In laying out the American approach to Iran, Clinton showed how little US foreign policy has changed since the last years of the Bush administration. President Bush famously explained that he would not negotiate with unfriendly regimes because he didn’t want to “reward bad behaviour”. He wanted states like Iran to change of their own accord, not as a result of negotiation but as a pre-condition for being allowed to negotiate.
Clinton embraces this same idea. She rejects the view that as Iran becomes more threatening and approaches nuclear breakout capacity, diplomatic engagement becomes more urgent. Instead she takes the opposite view. “We don’t want to be engaging while they are building their bomb,” she said this week.

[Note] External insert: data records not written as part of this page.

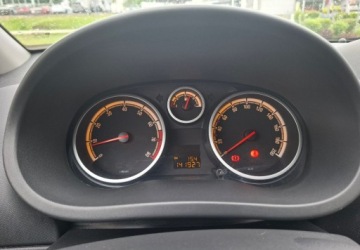 Opel Corsa D Hatchback 5d Facelifting 1.4 87KM 2012 Opel Corsa Bezwypadkowy - benzyna - bezwypadkowy - serwisowany - 1,4 - 87, zdjęcie 28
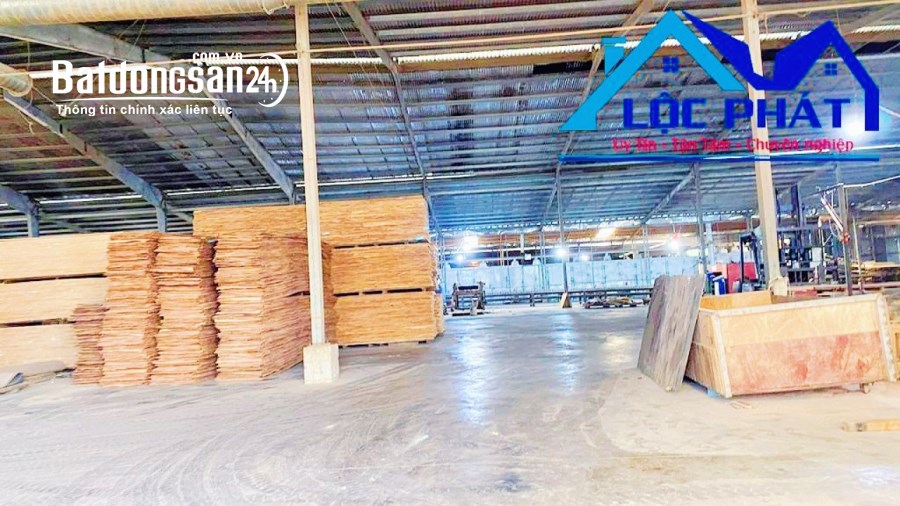 Bán kho xưởng, trang trại Đường 768, Xã Tân An, Huyện Vĩnh Cửu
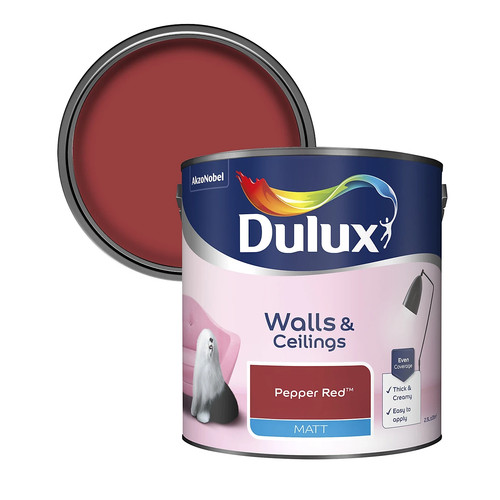 Dulux walls ceilings - dulux, &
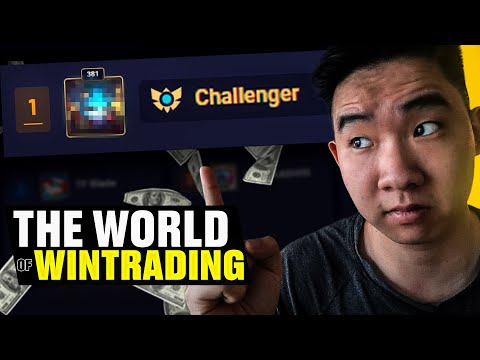 League of Documentary- The world of Win trading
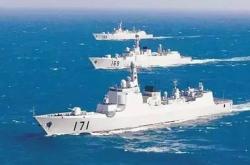 中国海军科技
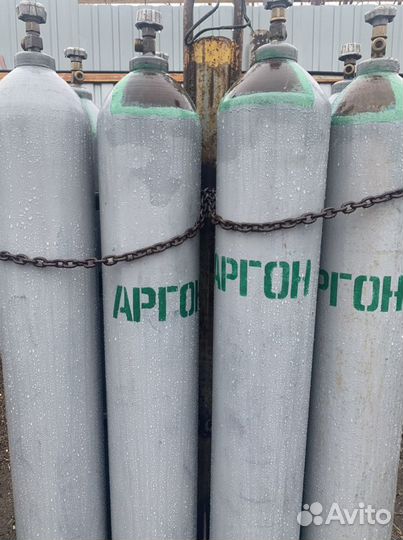 Технические газы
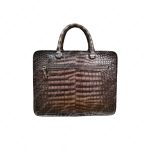 BERLUTI JOUR BAG BROWN 86634-V1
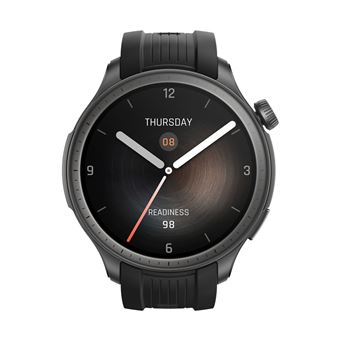 Montre intelligente Amazfit Balance Ø 46 mm Noir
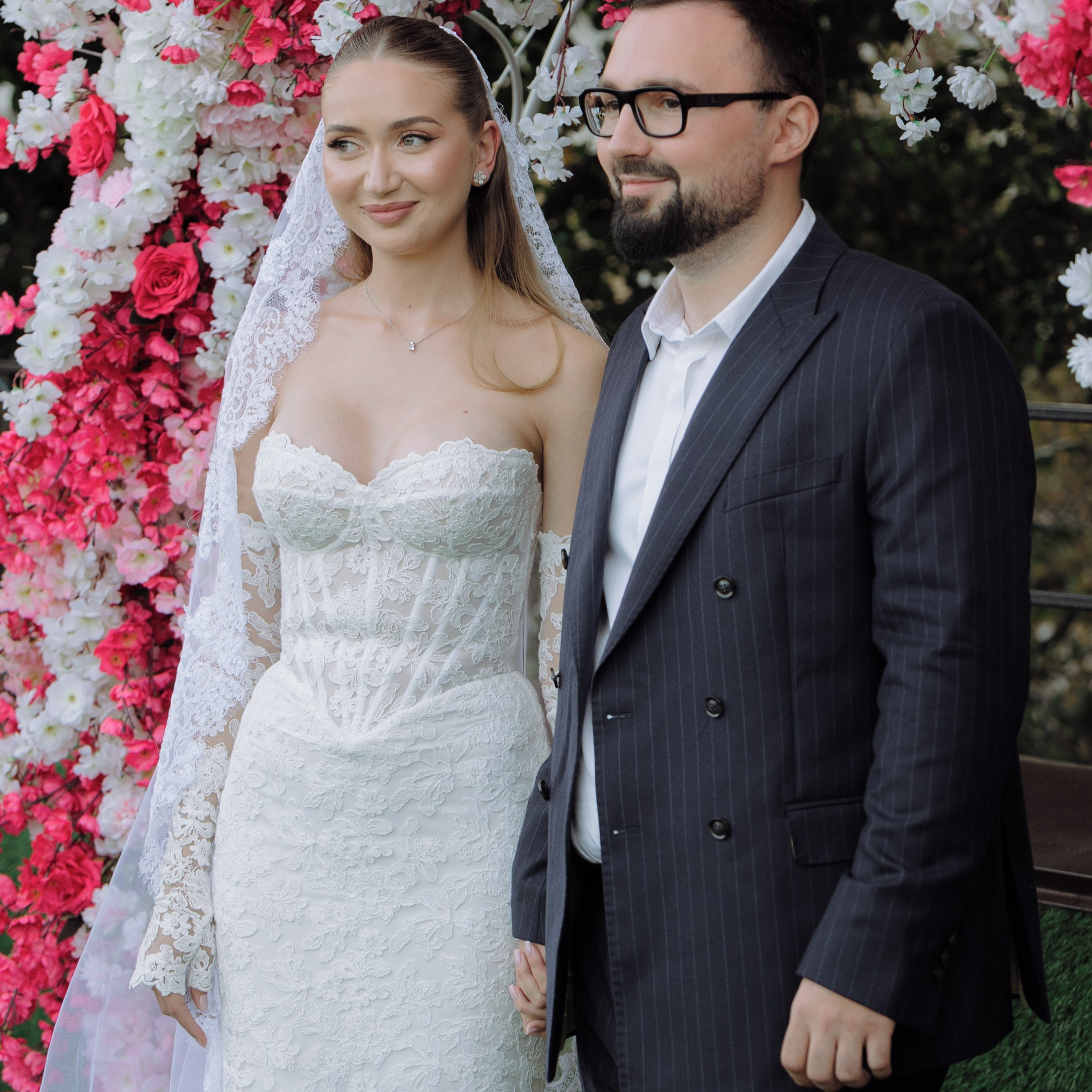 Свадебная фотосесссия в Архангельском. Фотограф в Москве Валерия Рожкова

Whether the increasingly splintered regime in Iran would or could respond to a serious offer of negotiations is highly uncertain. What is clear, though, is that the regime has not been offered this option. The Obama administration, like its predecessor, has made clear that it is interested in negotiating only one thing: curbs on Iran’s nuclear programme. No country, however, would agree to negotiate only on the question that an adversary singles out, without the chance to bring up others that it considers equally urgent.
A more promising approach would be to tell Iran what President Nixon told China 35 years ago: if you agree to consider all of our complaints, we will consider all of yours. Clinton has made clear that the US will make no such offer. Instead it clings to the decades-old American policy toward Iran: make demands of the regime, threaten it, pressure it, sanction it, seek to isolate it, and hope for some vaguely defined positive result.
Some of America’s most seasoned diplomats are eager for the chance to see what kind of a “grand bargain” they could strike with Iran. An ideal one would curb the nuclear programme, guarantee some measure of protection for brave Iranians who are being brutalised for defending democratic ideals, and give Iran security guarantees that might lure it out of its isolation and lay the groundwork for a new security architecture in the Middle East. Instead the US has fallen back on sabre-rattling. This pleases Israel, war hawks in Washington, so-called American allies like Saudi Arabia – and most of all, President Ahmadinejad and his reactionary comrades in Tehran. They thrive on confrontation, and are doing all they can to bait the US into attacking their country. It is a strategy as effective as it is dangerous.